- Average property prices in Scotland fall 1.0% from January – the first monthly drop seen since June 2015
- Comes despite strongest February for home sales since 2008, up 19% year-on-year after buy-to-let flurry
- But hesitation at the higher end of market before upcoming elections knocks Edinburgh off the top spot
- Midlothian the only area to break a record for property values in February, surpassing pre-crisis peak
Christine Campbell, Your Move managing director in Scotland, comments: “Scottish house prices have taken a small stumble in February, with the value of a typical home falling by 1% (£1,688) month-on-month. The sudden dip in prices will be a welcome reprieve for those attempting to get their foot on the property ladder, as this is the first decline in Scotland’s home values seen in eight months. House prices are also down compared to the same time last year, but this tells us more about the turbulence caused by the introduction of the Land and Buildings Transaction Tax (LBTT) at the beginning of 2015 than anything happening in the market right now.
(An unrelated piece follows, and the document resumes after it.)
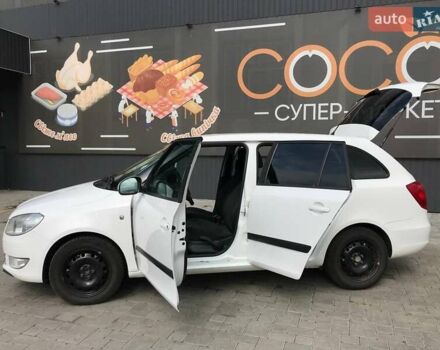 Белый Шкода Фабия, объемом двигателя 1.2 л и пробегом 235 тыс. км за 5500 $, фото 8 на Automoto.ua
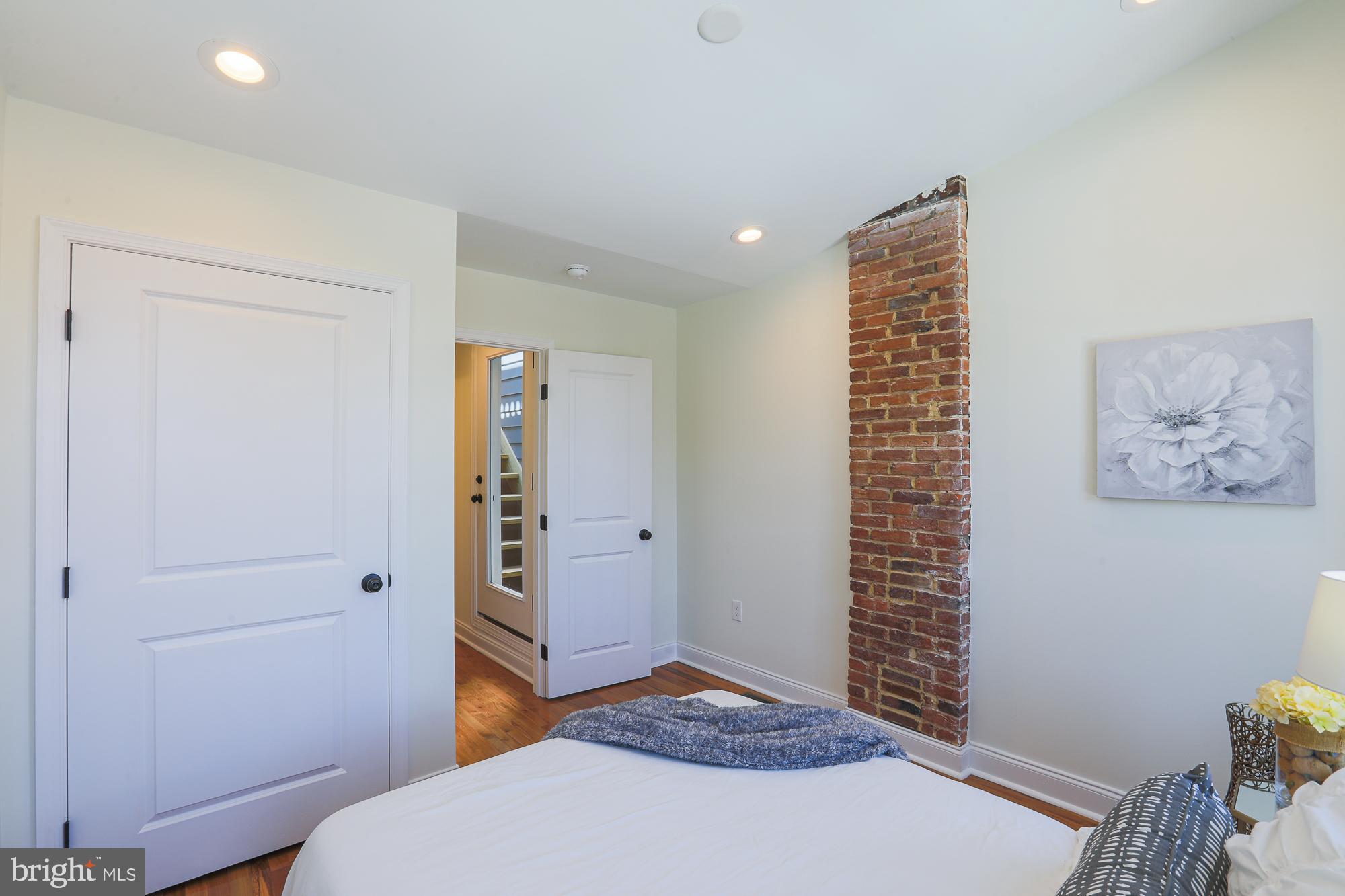 RIVERSIDE - Residential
“In fact, another key barometer is pointing to a lot of positivity in the market. Property sales in Scotland have flouted seasonal trends to jump 10% month-on-month, representing the highest February home sales since 2008. With a flurry of buy-to-let and second-home buyers racing to avoid higher rates of LBTT after 1st April, sales in February are up 19% yearon-year. This impetus also meant that purchase activity was concentrated at the lower end of the market – with aspiring landlords snapping up affordable options. We can see evidence of this in Edinburgh and Glasgow, where sales of flats – a popular investment choice – have soared in the three months to February 2016. But at the same time, there has been a slowdown at the top-end of the market due to uncertainty surrounding the upcoming Scottish Parliament election and EU referendum, particularly among foreign buyers. This imbalance between the volume of cheaper and more expensive property sales is skewing the overall measure of price growth, and tipping it downwards.